Upon receiving an MO request, the HLR should validate that the subscriber is active in its records and that the service code is valid and active. If those checks pass, the HLR should route the request via a USSD Gateway to the appropriate application. Only when that application responds positively to the request can a USSD session be established. Once a session is established between these parties then transactions can flow end to end.

The application that receives the request may perform its own validation during the session, eg. verifying the IMSI of the requestor or performing multi-phase authentication. However, it could be possible for someone to sniff on the radio interface or to hi-jack it entirely (ala Paget) and record these inputs for subsequent fraudulent use. Many USSD-based financial services use end-to-end encryption between a client (SIM toolkit or Java) on the handset and the application attached to the USSD Gateway. This is the only way of guaranteeing the security of such services.
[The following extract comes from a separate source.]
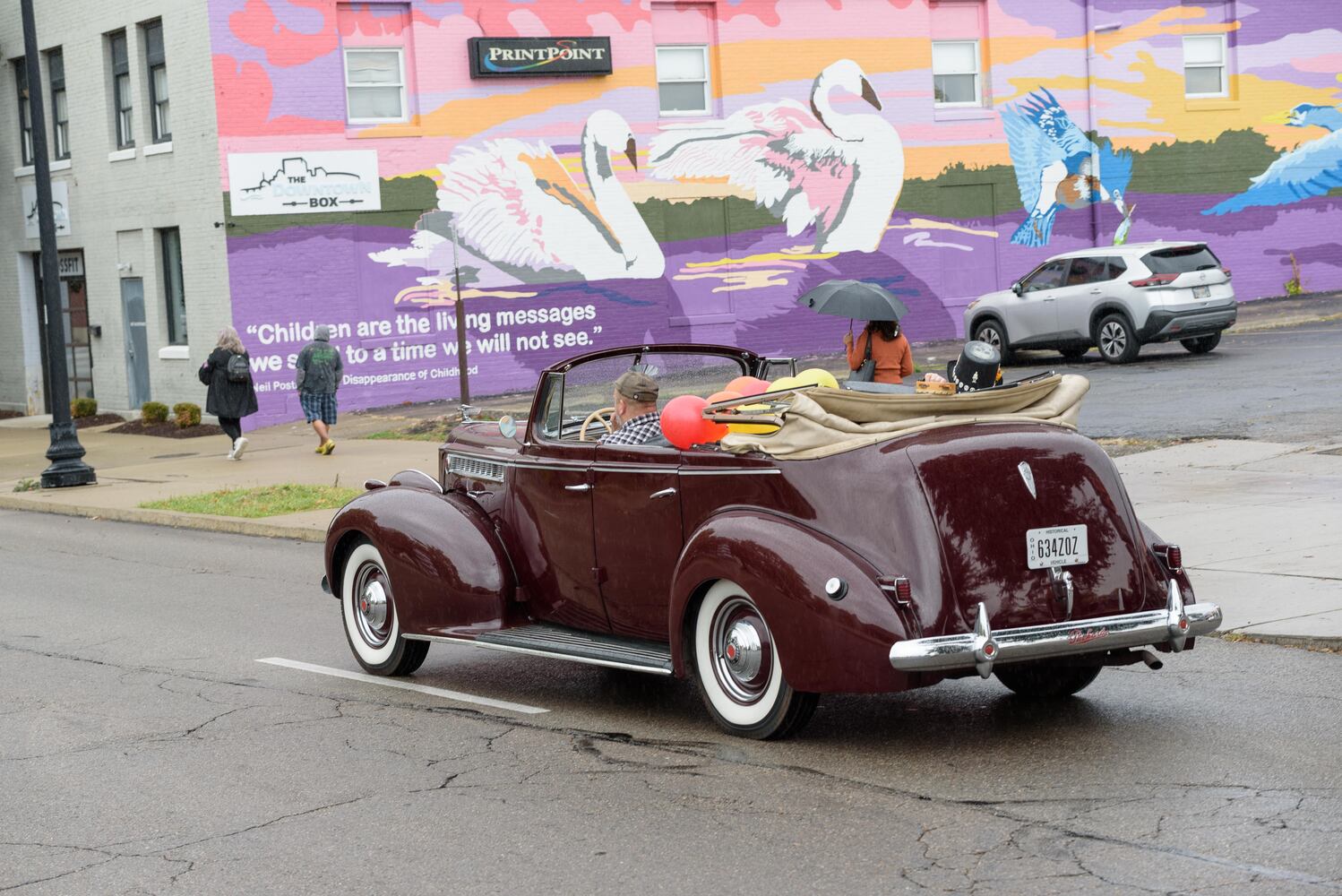 PHOTOS: Dayton Dia de los Muertos Parade & Celebration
Network Initiated (NI) USSD poses a greater risk in that it can originate from outside the home network. In this case a USSD session is pushed to a subscriber's handset and may appear as if it is coming from their home network. For this reason many MNOs block NI USSD coming from outside the network but this is not effective when their subscribers roam out.

While roaming in a foreign network, a subscriber may see an advert promising a cool service if they send SMS to an international MSISDN. When they send the SMS, a USSD session may be pushed to their handset. Such a session may not have any sinister purpose but it is not within the control of the recipient's home operator.